Sometime very soon the Prime Minister has to take a decision – if he hasn't taken it already – which will be immensely unpopular with a large section of British society, and which may even lead to problems of public order.

He has to decide whether or not to kill badgers.

In principle, the decision on whether or not to cull the population of one of Britain's most beloved wild animals – Old Mr Brock, kindly Badger from The Wind in The Willows – as a measure to try to stop the remorseless spread of tuberculosis in cattle, is one for the Department of Environment, Food and Rural Affairs (Defra), and the Environment Secretary, Caroline Spelman. In practice, such are the potential repercussions, the buck stops with the PM.

He will have to sign it off; in essence, he will have to take the decision upon himself, just as he has already done twice this year with two other contentious Defra proposals – the public forests sell-off, and the banning of wild animals in circuses.

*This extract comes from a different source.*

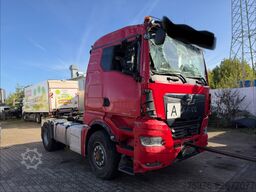 MAN TGX 18.470 LOF 4x4 H damaged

Both of these issues were seen as presentational disasters, ending in Government retreats.

The possibility of a third such Defra disaster with badgers is concentrating ministerial minds, not least with the Liberal Democrat members of the Coalition, whose supporters are not temperamentally suited to shooting things.

It will be Mrs Spelman, or perhaps her Farming Minister, Jim Paice, who stands up in the House of Commons to make the announcement, and – if the decision is for a cull – will probably take the immediate flak, but without Mr Cameron's full agreement, it will not happen.

It is a lonely decision for the Prime Minister to take, part of the price you pay for going into politics, for he is damned if he does, and damned if he doesn't.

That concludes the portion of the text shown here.